- [What the task requires] Print the listing below a second time, exactly, and omit its images.

- [Provided data]
[Start of section]
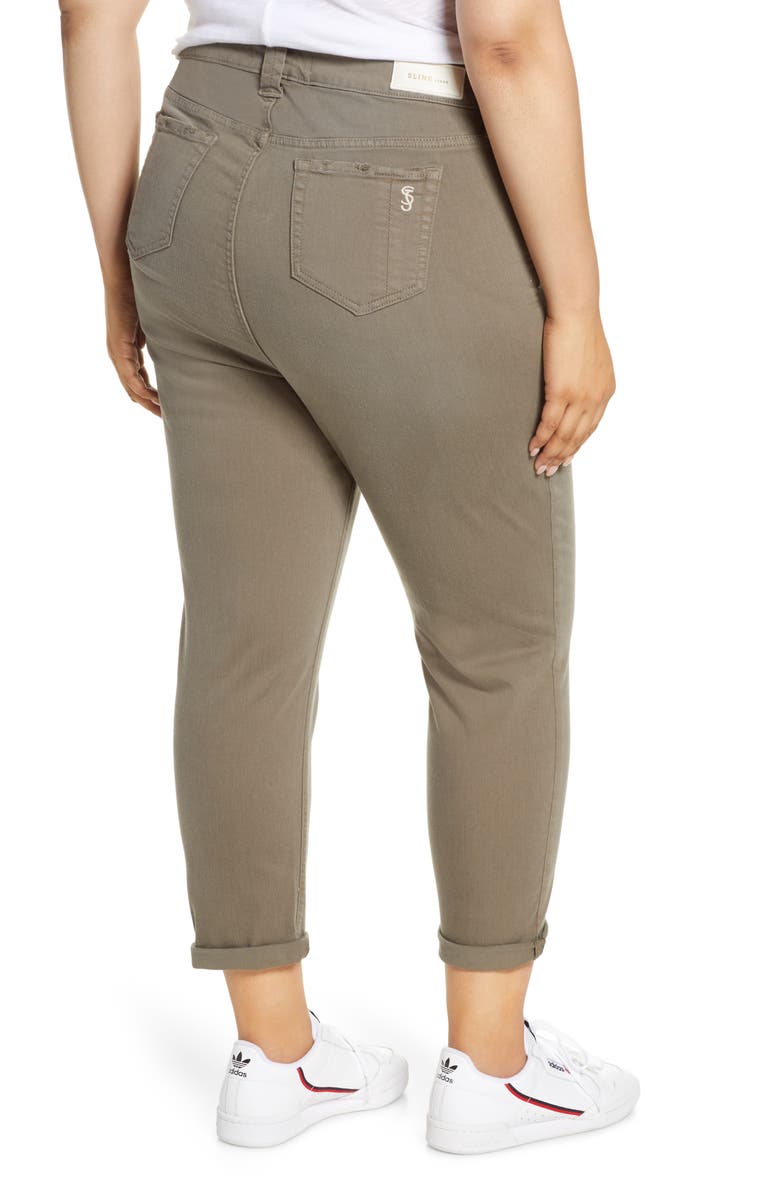 SLINK Jeans High Waist Distressed Ankle Boyfriend Jeans, Alternate, color, Dark Olive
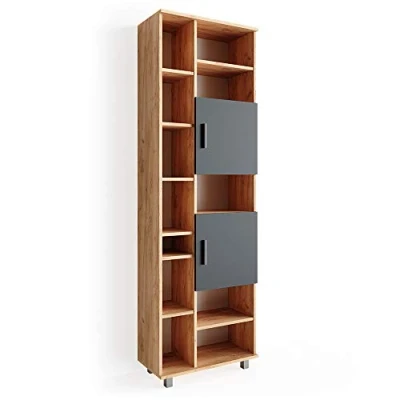 Abbildung von Vicco Hochschrank Ilias, Eiche/Anthrazit, 60 x 190 cm Drehbar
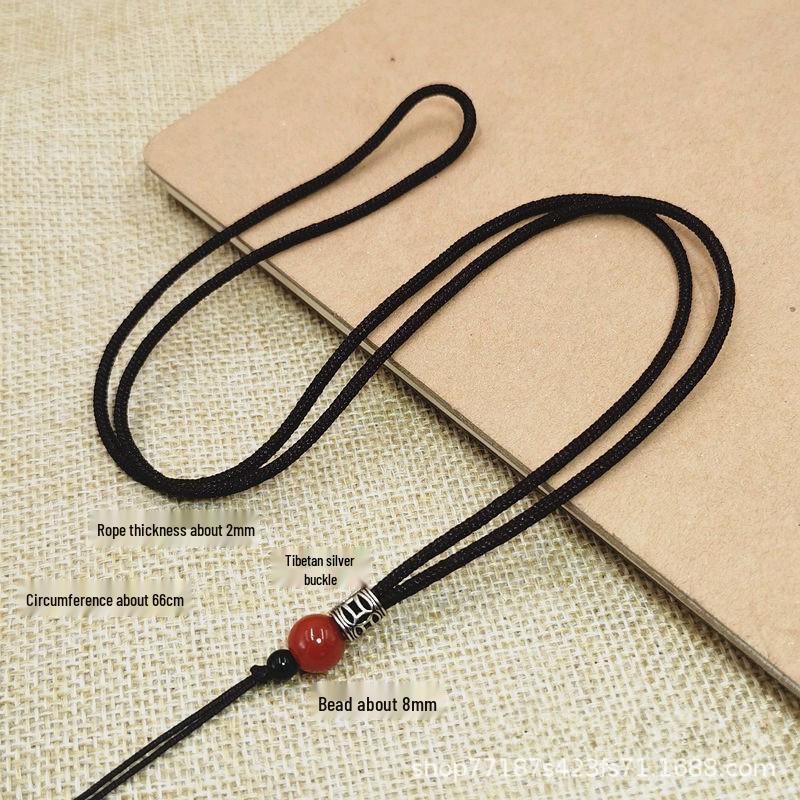 Woven Amber Jade Pendant Necklace with Red Top Bead and Rope Chain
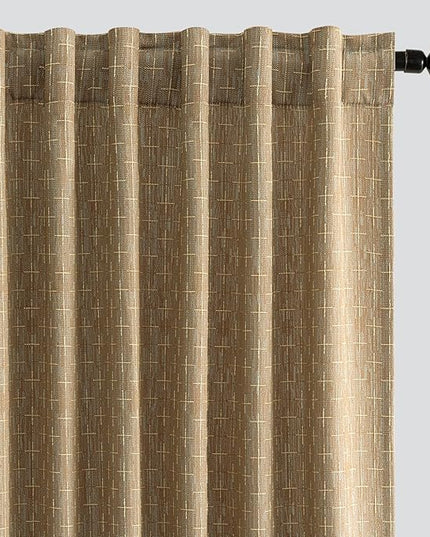 MIULEE Decorative Back Tab Linen Curtains with Geometric Pattern for Living Room Bedroom Farmhouse Rustic Thick Woven Textured Patterned Mudcloth Drapes 63 Inch Length 2 Panels Set, Khaki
[End of section]
- [Response to the task]
 SLINK Jeans High Waist Distressed Ankle Boyfriend Jeans, Alternate, color, Dark Olive
 Abbildung von Vicco Hochschrank Ilias, Eiche/Anthrazit, 60 x 190 cm Drehbar
 Woven Amber Jade Pendant Necklace with Red Top Bead and Rope Chain
 MIULEE Decorative Back Tab Linen Curtains with Geometric Pattern for Living Room Bedroom Farmhouse Rustic Thick Woven Textured Patterned Mudcloth Drapes 63 Inch Length 2 Panels Set, Khaki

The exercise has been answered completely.